#### DATASET EXTRACT

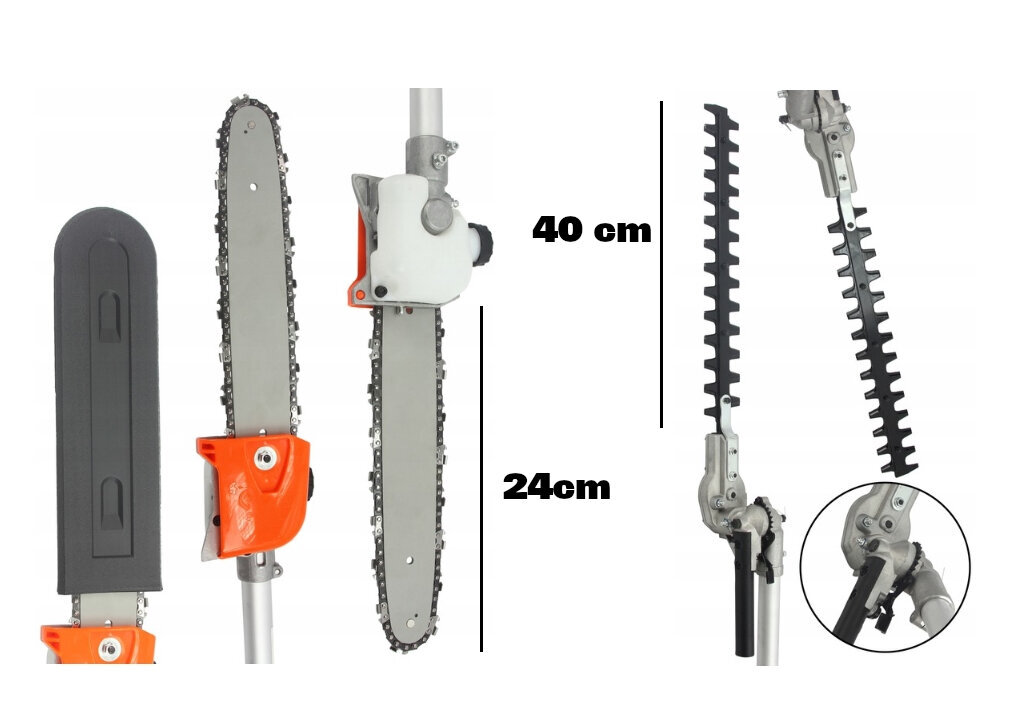 4-in-1 setti 5,2 kW Boxer bensiinikäyttöinen raivaussaha 4in1 hinta ja tiedot | Pensasleikkurit | hobbyhall.fi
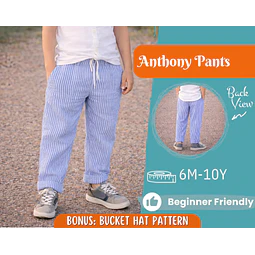 Pants Sewing Pattern for Kids, Elastic Waistband Pants Pattern, Kids Pattern, Baby Sewing Pattern, Beginner Pattern, Sewing Pattern Toddlers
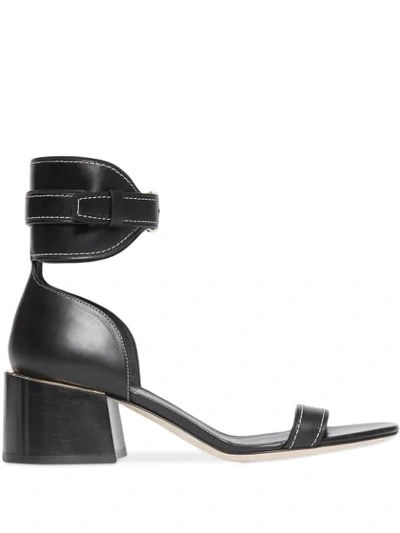 Burberry Gold-plated Detail Leather Block-heel Sandals In Black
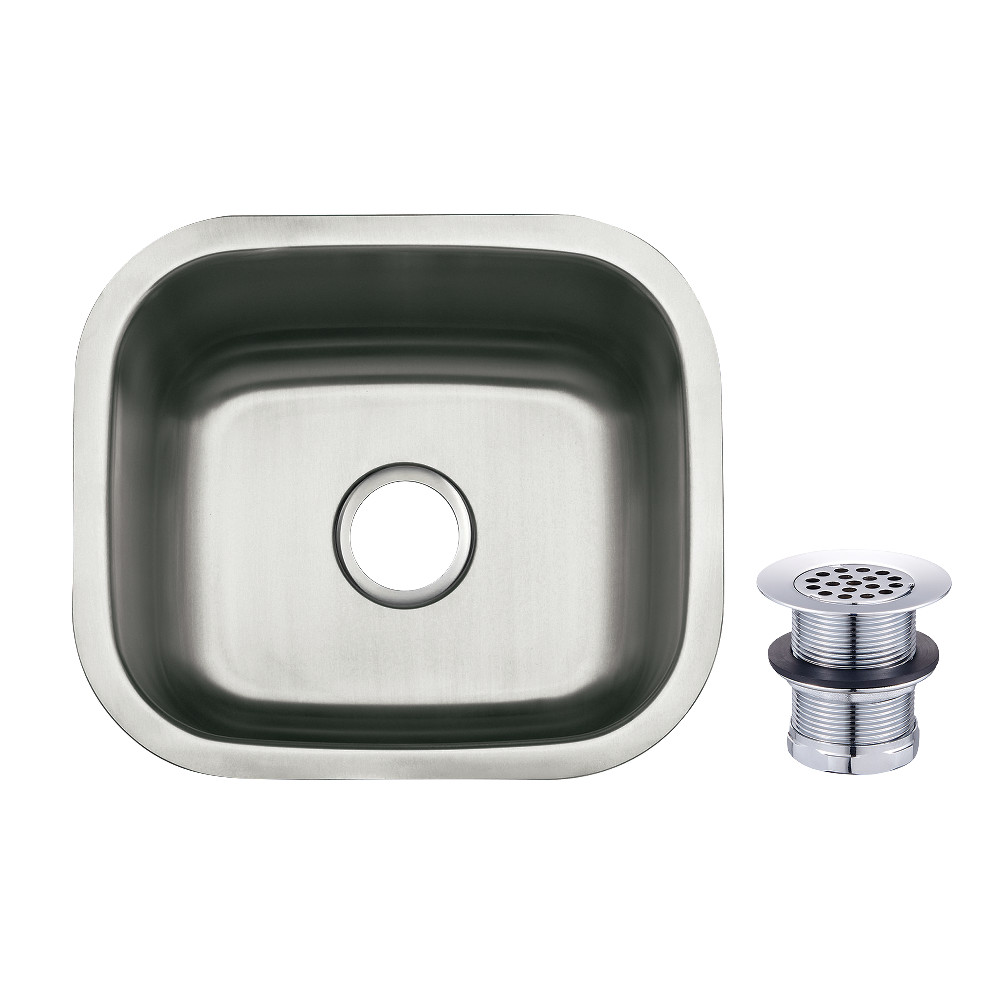 Picture of Kingston Brass KGKUS161681 Gourmetier Loft 16 in. Stainless Steel Single Bowl Undermount Bar Prep Sink - Stainless Steel & Polished Chrome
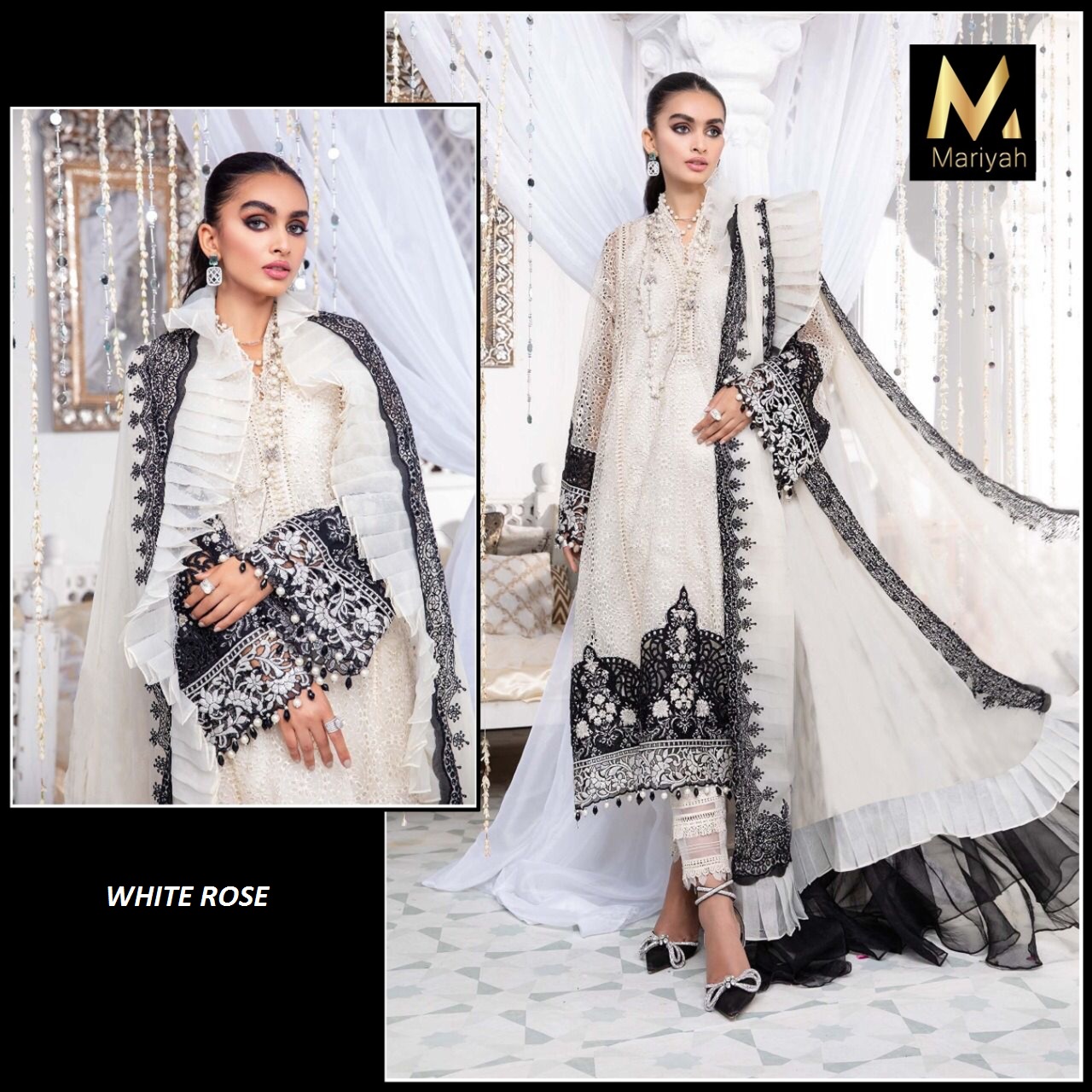 MARIYAH DESIGNER WHITE ROSE SALWAR KAMEEZ WHOLESALER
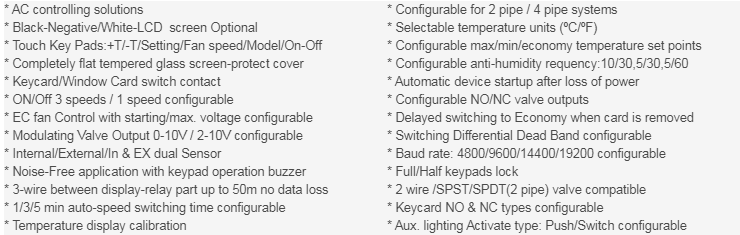 Termostato digital de aire acondicionado de hotel ocupado / desocupado que ahorra energía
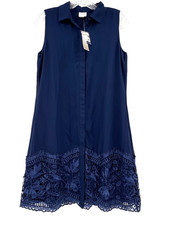 CHICO'S Women's Sz 00 NWT Navy Blue Sleeveless Embroidered Lace Hem Shift Dress picture
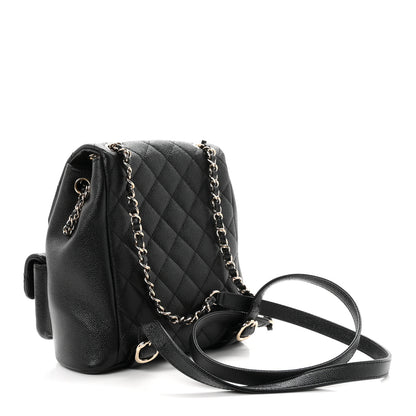 Chanel Shiny Caviar Quilted Medium Duma Pockets Drawstring Backpack Black 2 of 9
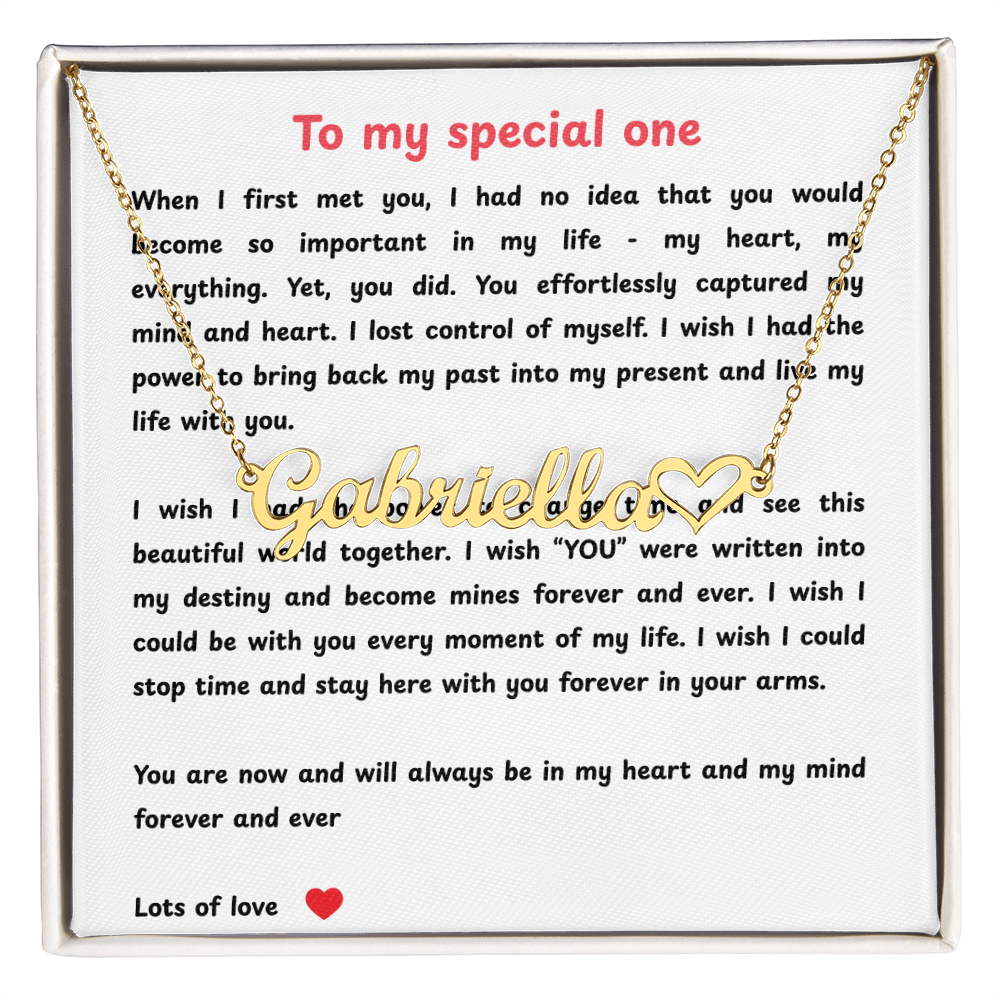 Personalized To My Special One Heart Name Necklace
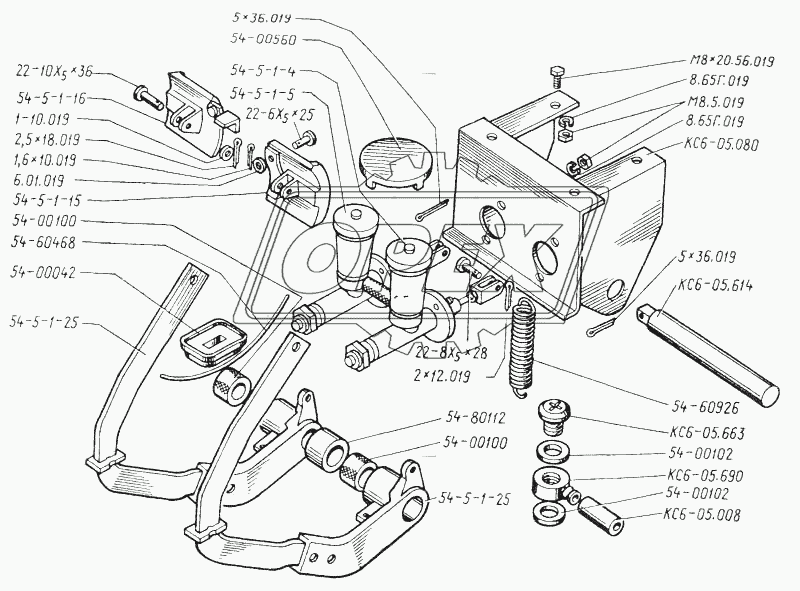 Механизм педалей тормоза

########

The expected result is the data above in exact form, free of pictures.

 4-in-1 setti 5,2 kW Boxer bensiinikäyttöinen raivaussaha 4in1 hinta ja tiedot | Pensasleikkurit | hobbyhall.fi
 Pants Sewing Pattern for Kids, Elastic Waistband Pants Pattern, Kids Pattern, Baby Sewing Pattern, Beginner Pattern, Sewing Pattern Toddlers
 Burberry Gold-plated Detail Leather Block-heel Sandals In Black
 Picture of Kingston Brass KGKUS161681 Gourmetier Loft 16 in. Stainless Steel Single Bowl Undermount Bar Prep Sink - Stainless Steel & Polished Chrome
 MARIYAH DESIGNER WHITE ROSE SALWAR KAMEEZ WHOLESALER
 Termostato digital de aire acondicionado de hotel ocupado / desocupado que ahorra energía
 CHICO'S Women's Sz 00 NWT Navy Blue Sleeveless Embroidered Lace Hem Shift Dress picture
 Chanel Shiny Caviar Quilted Medium Duma Pockets Drawstring Backpack Black 2 of 9
 Personalized To My Special One Heart Name Necklace
 Механизм педалей тормоза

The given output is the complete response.